## Given data
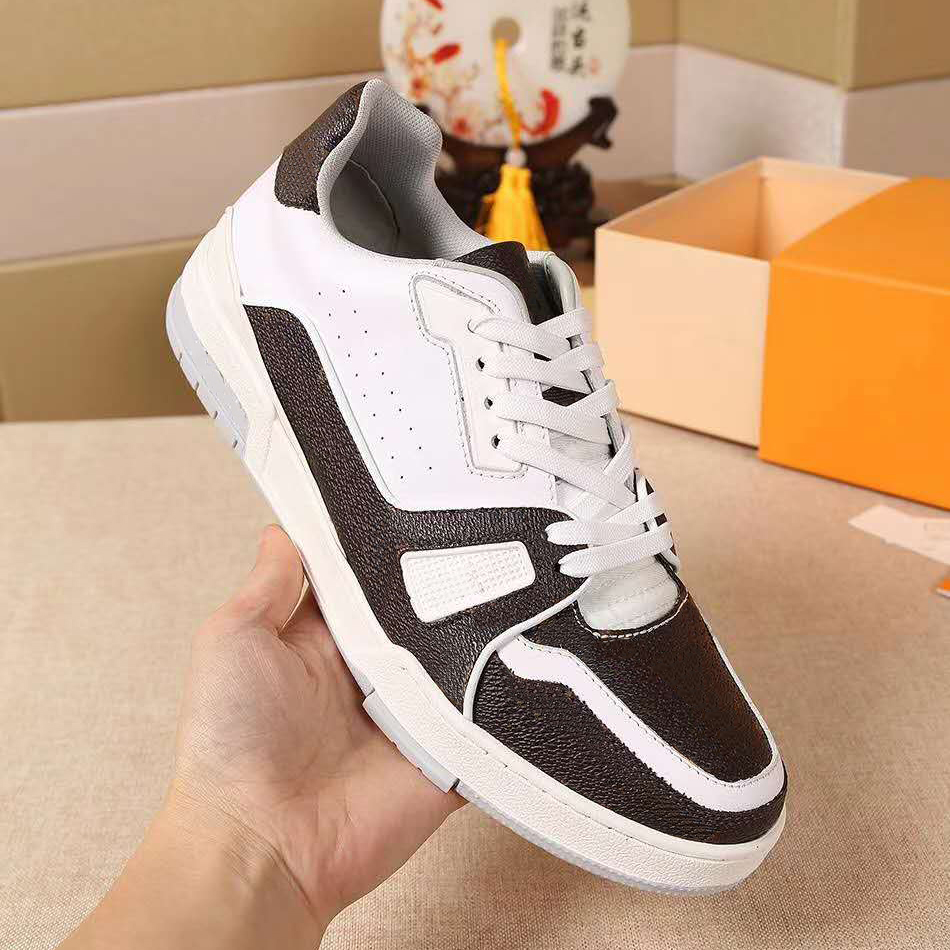 2021 High Quality Men Genuine Luxurys Designers Shoes Printing Leathers Panel Senior Handmade for Casual Sneakers Fashion Stitching Color XX-0108, Black
2021 High Quality Men Genuine Luxurys Designers Shoes Printing Leathers Panel Senior Handmade for Casual Sneakers Fashion Stitching Color XX-0108, Black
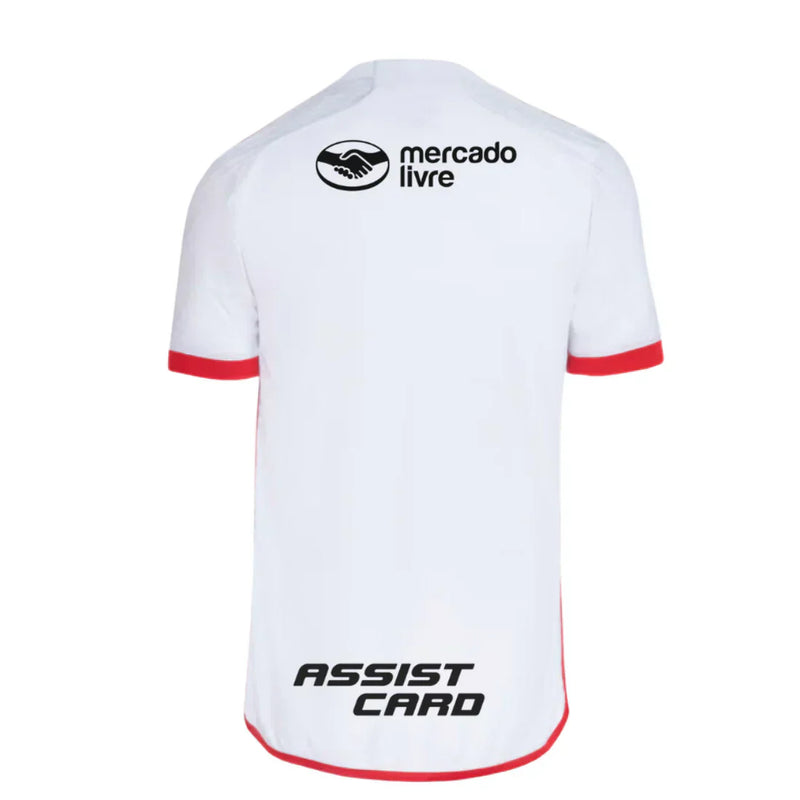 Camisa CR Flamengo c/ Patrocínios ll 2024/25 Branca - Versão Jogador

## Activity
Please write out every line of the listing above exactly, and leave the images behind.

## Task result
 2021 High Quality Men Genuine Luxurys Designers Shoes Printing Leathers Panel Senior Handmade for Casual Sneakers Fashion Stitching Color XX-0108, Black
2021 High Quality Men Genuine Luxurys Designers Shoes Printing Leathers Panel Senior Handmade for Casual Sneakers Fashion Stitching Color XX-0108, Black
 Camisa CR Flamengo c/ Patrocínios ll 2024/25 Branca - Versão Jogador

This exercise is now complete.